I just encountered a weird problem. And It is a little hard to describe that.
The step next to some kernel becomes very slow, no matter what step is.
For example
cudaMemcpy data from host
Kernel<<<grid,threads>>>(......)
cudaMemcpy result1 to host
cudaMemcpy result2 to host
“cudaMemcpy result1 to host” becomes very slow.
And if i swap “cudaMemcpy result1 to host” with “cudaMemcpy result2 to host” ,
“cudaMemcpy result2 to host” becomes very slow, and “cudaMemcpy result1 to host” become normal.
Even I add some trivial function next to Kernel.
cudaMemcpy data from host
Kernel<<<grid,threads>>>(......)
cudaMemcpy some tiny memory <---- trivial one
cudaMemcpy result1 to host
cudaMemcpy result2 to host
Then that function also become very slow. The others become normal.
This trivial function even costs more time than sum of the rest.
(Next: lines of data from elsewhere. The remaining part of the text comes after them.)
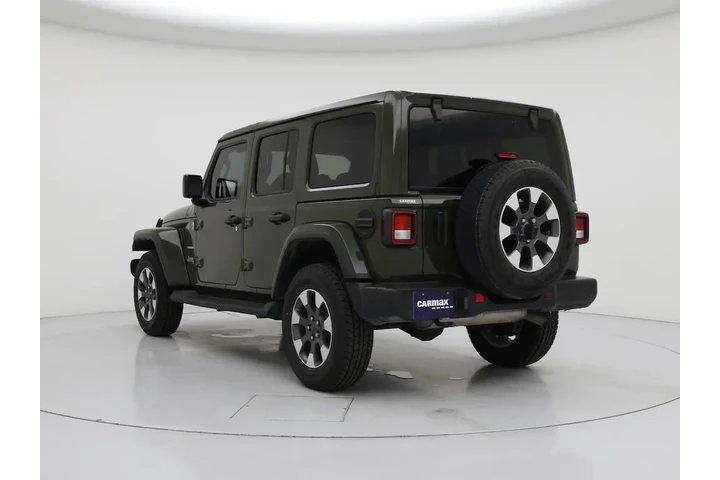 $31998 : Jeep Wrangler Unlimited 2022 image 2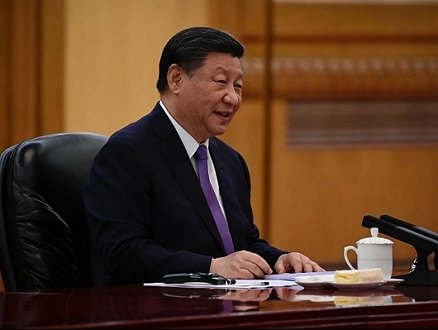 الرئيس الصينيّ يعتزم حضور قمّة بريكس في جنوب أفريقيا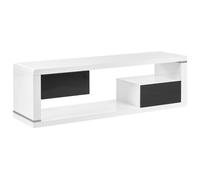 TV Stand SPOKAN White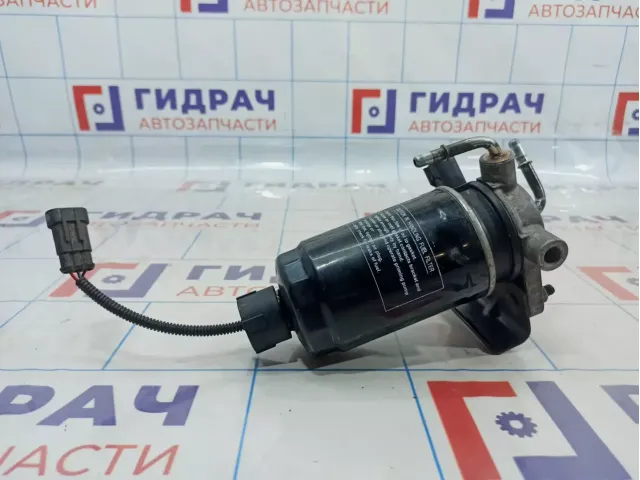 Кронштейн топливного фильтра Hyundai Santa Fe (CM) 31970-2B901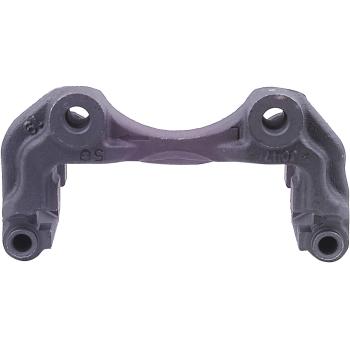 1996 Nissan Maxima Disc Brake Caliper Bracket Front Left A1 Cardone 141505 image 2 of 3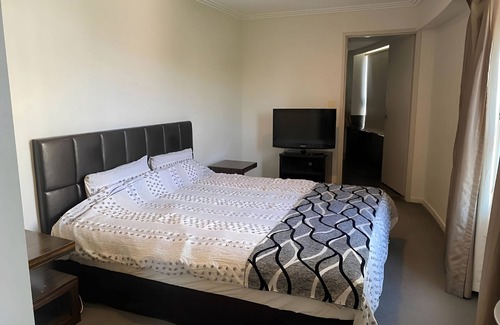 Darling Harbour Apartment | Excellent location Darling harbour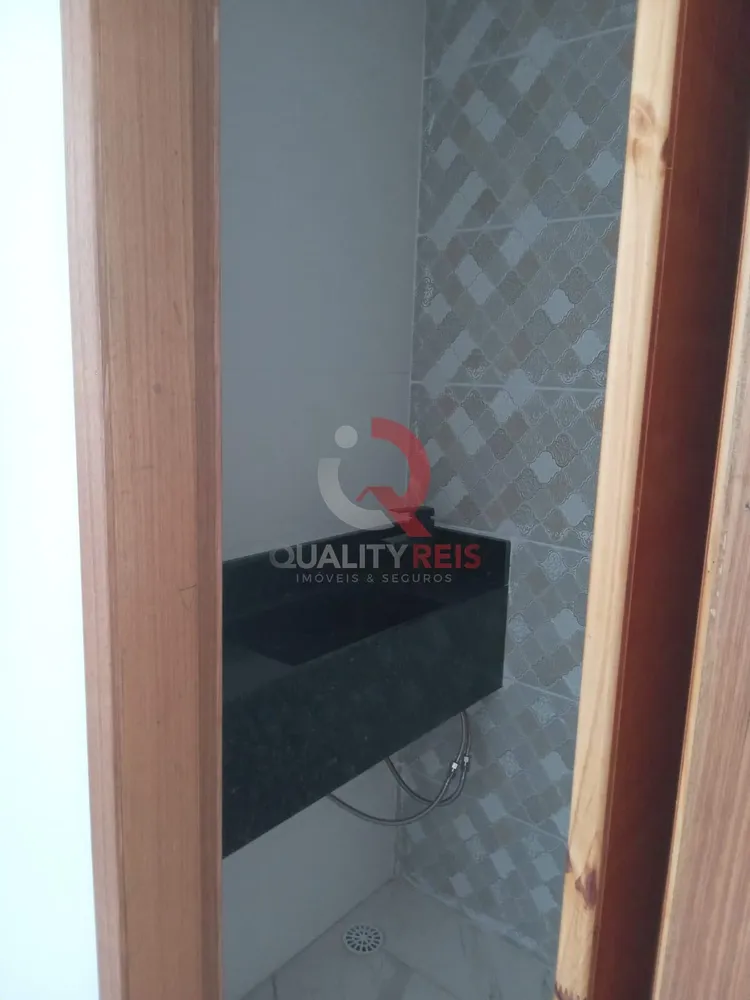 Sobrado, 3 quartos, 250 m² - Foto 16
And it only happened in some particular kernel. Actually, it only happened in the kernel i recently wrote. This kernel is 1D convoulation along x direction. It is very similar to row convoluation in SDK.
Kernel calls are asynchronous and return immediately. If you want to perform timing, you must call cudaThreadSynchronize() before making any timing measurement. cudaMemcpy has an implicit synchronize built into it: so the “very slow” call you are measuring is in including the time to execute the kernel.
Kernel calls are asynchronous - the function returns immediately. The memory copies you’re doing aren’t, and have to wait for the kernel to finish executing. To be able to time a kernal properly you should put cudaThreadSynchronize() after the kernel call:
cudaMemcpy data from host
Kernel<<<grid,threads>>>(......)
cudaThreadSynchronize()
cudaMemcpy result1 to host
cudaMemcpy result2 to host
I would guess that it is because there is an implicit syncthreads before the start of a memcpy function.
Try adding a threadsynchronize() before the memory call and see if it makes all memcpy calls equal.